Suppose that I have a data frame (example_df) that consists of five columns: col1, col2, col3, col4, and col5. I am trying to create a function which takes in example_df and one of its columns to build a new data frame that displays the frequency of each col1, col4, and var combination, as shown below:
summarize_data <- function (df, var) {
var_combination <- data.frame()
temp <- na.omit(unique(df))
unique_var <- unique(temp$var)
for (i in 1:length(unique_var)){
temp2 <- temp[temp$var == unique_var[i], ]
unique_col1 <- na.omit(unique(temp2$col1))
for (j in 1:length(unique_col1)){
temp3 <- temp2[temp2$col1 == unique_col1[j], ]

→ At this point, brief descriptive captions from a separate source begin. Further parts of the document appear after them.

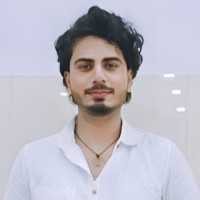 Shivam Gupta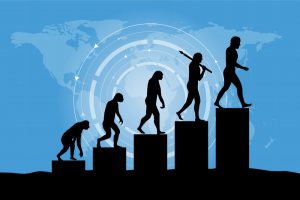 demand planning maturity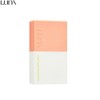 LUNA Comfy Light Foundation 30ml, Shade:Beige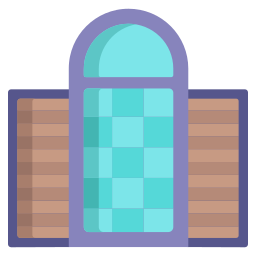 fenster icon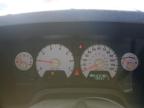 2008 Dodge Ram 1500 St zu verkaufen in Memphis, TN - Rear End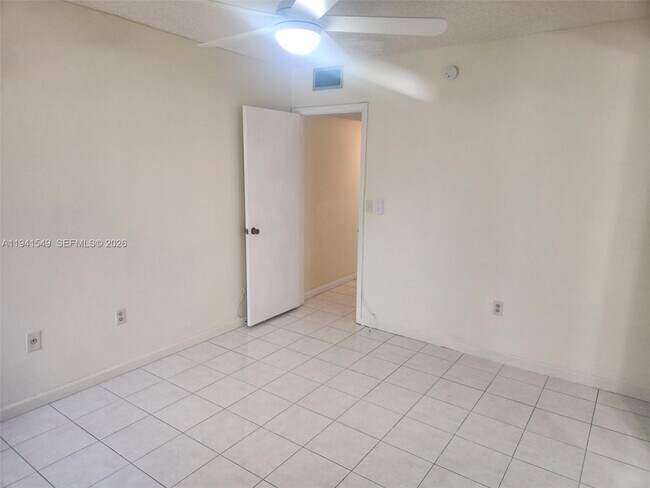 Building Photo - 8990 SW 24th St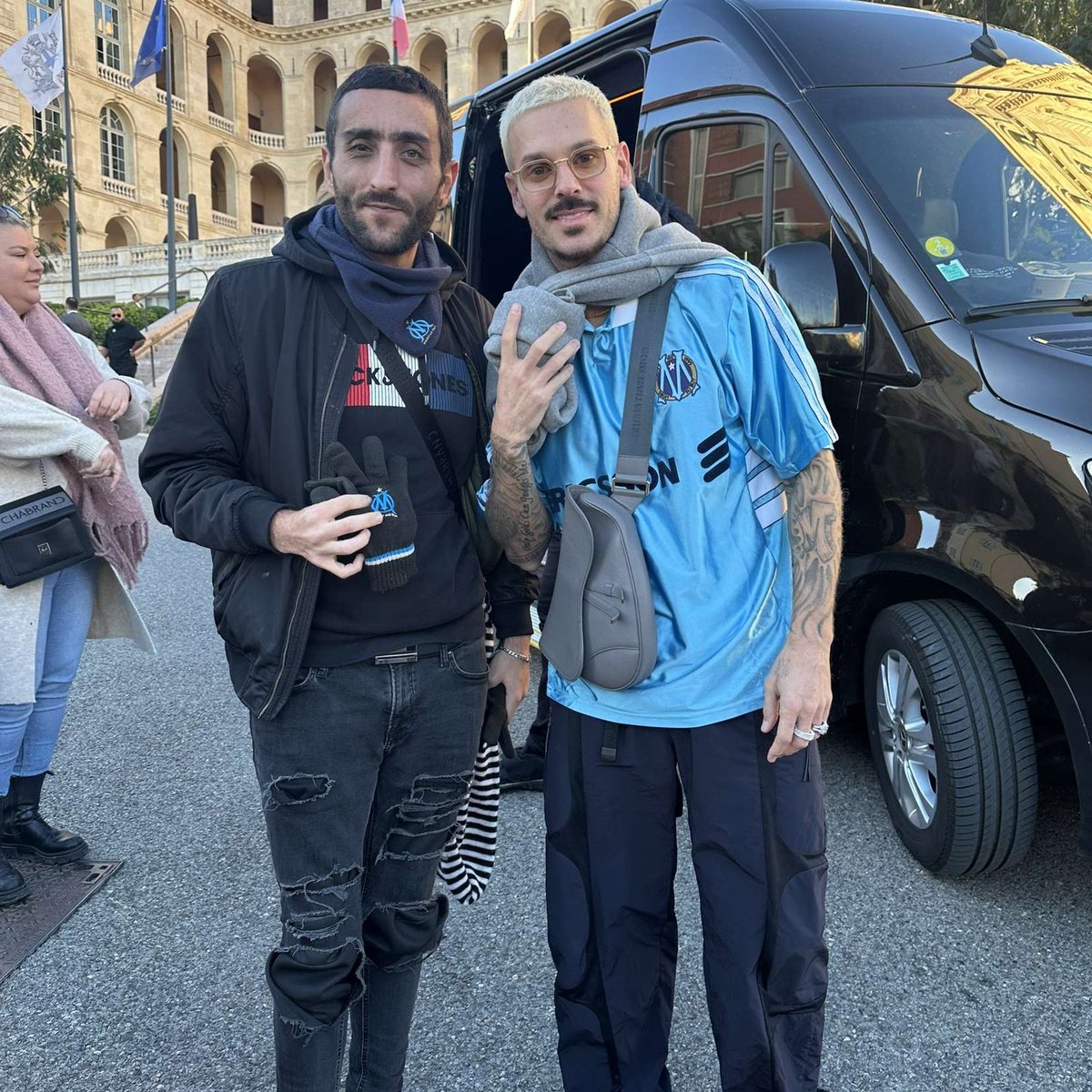 DavidBenichou10's tweet photo. #NouvellePhotoDeProfil https://t.co/9qRUI12OIY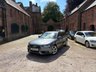 USED 2012 12 AUDI A4 AVANT 2.0 TDI SE Estate 5dr Diesel Multitronic Euro 5 (s/s) (143 ps) RARE AUTO! FULL HISTORY+BELT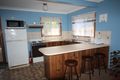 Property photo of 56 Sanctuary Point Road Sanctuary Point NSW 2540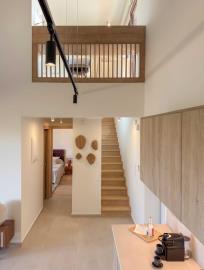 Maisonette-by-the-sea-for-sale-in-Chania-Crete--5-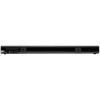 Thonet & Vander Dunn Gen2 Bluetooh HDMI Uzaktan Kumandalı 100W RMS Soundbar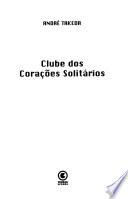 Clube dos corações solitários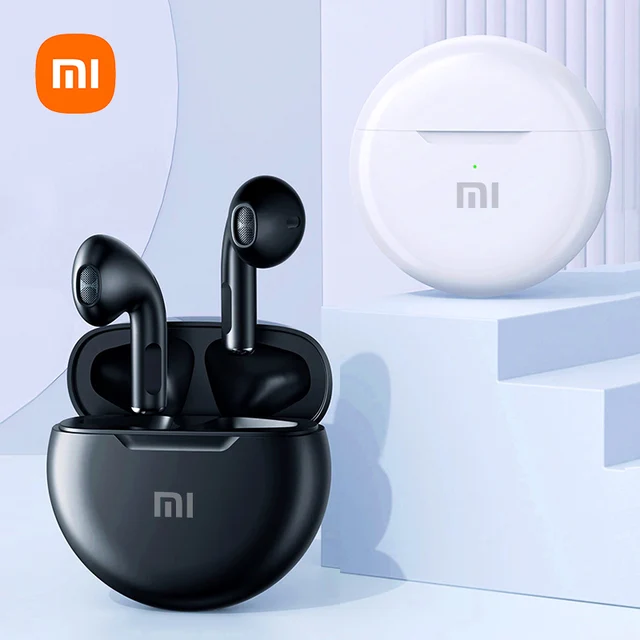 Redmi Headphones Price Mi Xiaoomi Type-C Earphone USB C In-Ear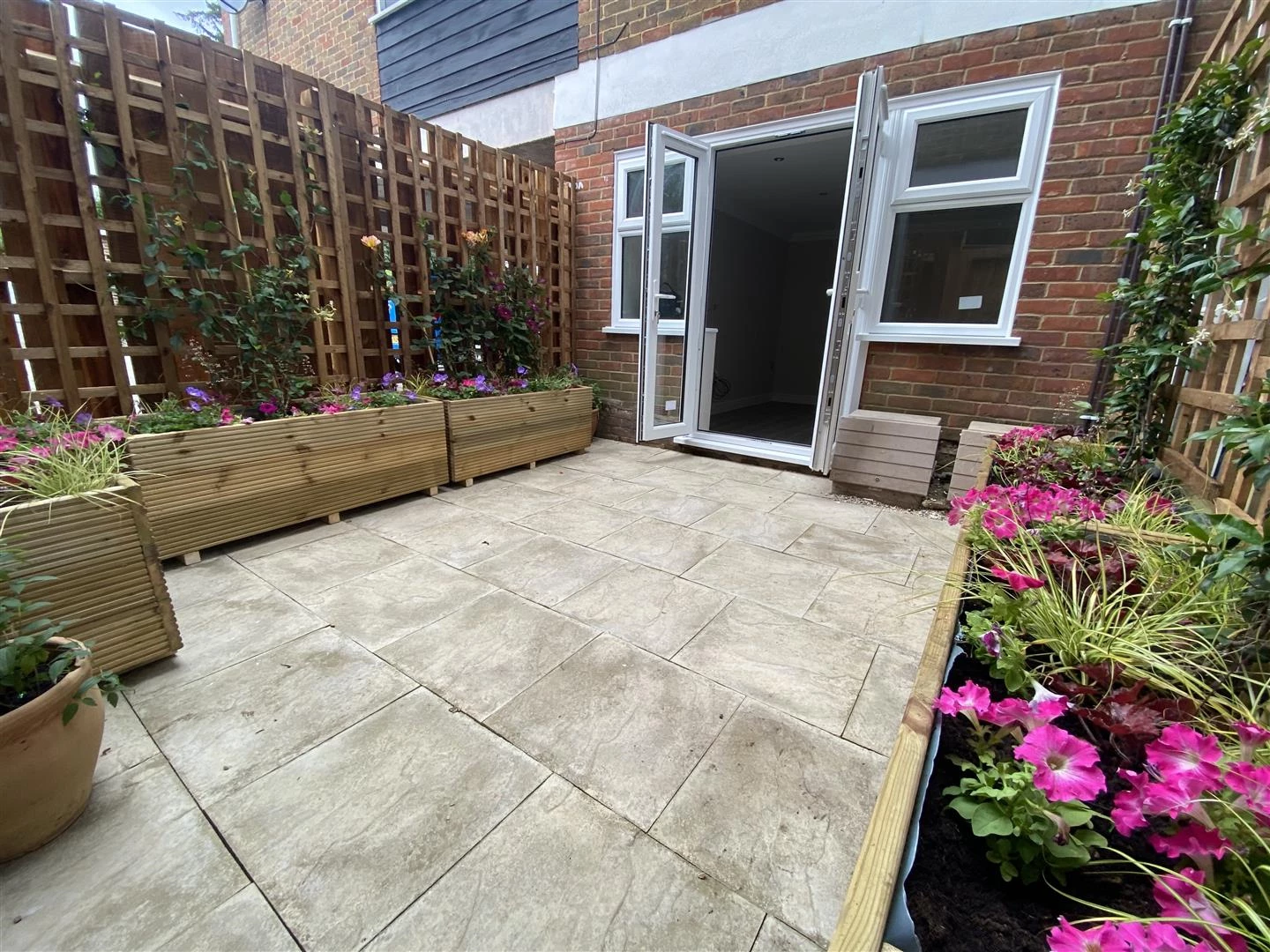 Hutton Road Shenfield Brentwood CM15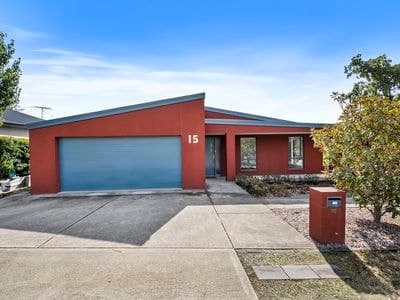 15 Kelp Street, KINGSTON TAS, Kingston - Image 1
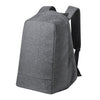 Quasar Anti-Theft Backpack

temp3 <- temp3[!is.na(temp3$col3), ]
var_combination <- rbind(var_combination,
cbind(data.frame(table(temp3$col4)),
var = unique_var[i],
"Col1" = unique_col1[j]))
}
}
}
So if I were to call summarize_data(example_df, col2), I want R to process it such that it will generate col2_combination and unique_col2 as local variables, and recognize temp$var as temp$col2. In short, wherever R sees var, it will replace it by col2. In the final data frame, col2_combination, it will (ideally) have the column names as Var1, Freq (both of which are generated by R through the table statement), col2, and col1.
Is there a way to generate local variables inside summarize_data such that part of its name is taken directly from the second parameter? (col2_combination, unique_col2) And is it even possible for R to understand temp$var as temp$col2 in this case?